The latest jump in coronavirus cases comes after an earlier increase of about 40% last month, following the large street parties, concerts and festivities held to mark the platinum jubilee celebrations marking 70 years of Queen Elizabeth II’s reign.

British officials said the latest wave of COVID-19 infections were likely caused by omicron subvariants BA.4. and BA.5.

“The constant bombardment of waves we are seeing does cause clinical impact that is not to be underestimated,” said Dr. Stephen Griffin, an associate professor of medicine at the University of Leeds, explaining that any infection can lead to long COVID.

Britain’s Health Security Agency said they were seeing more outbreaks in care homes for older people and a rise in admissions to intensive care units of people over 65.

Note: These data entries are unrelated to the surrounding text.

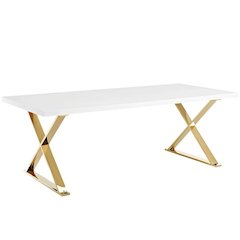 White Rectangular Dining Table, Modern X-Base, Seats 6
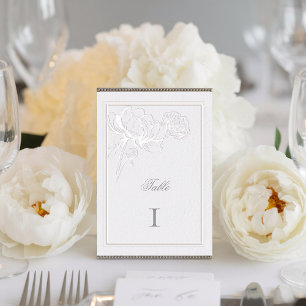 Numeração De Mesa Casamento Elegante Formal De Peonies Ivory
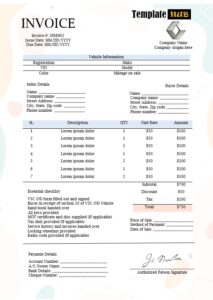 vehicle sales invoice template 03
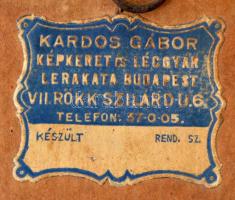 cca 1930 Uri-étkező Hofbauer, József körút 34. (?), sérült képkeretben, 15x19 cm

Dr. Jonathan Van-Tam, a former deputy chief medical officer for the U.K., told the BBC that COVID-19 is now “much, much, much closer to seasonal flu” than when it first emerged. Still, he said experts should be vigilant for any signs the virus was causing more severe illness.

Germany’s Robert Koch Institute also reported a similar rise in the coronavirus, with cases increasing especially among older people, children and teenagers. France has seen a jump in the COVID-19 hospitalization rate and officials recently recommended that people begin wearing masks again on public transport.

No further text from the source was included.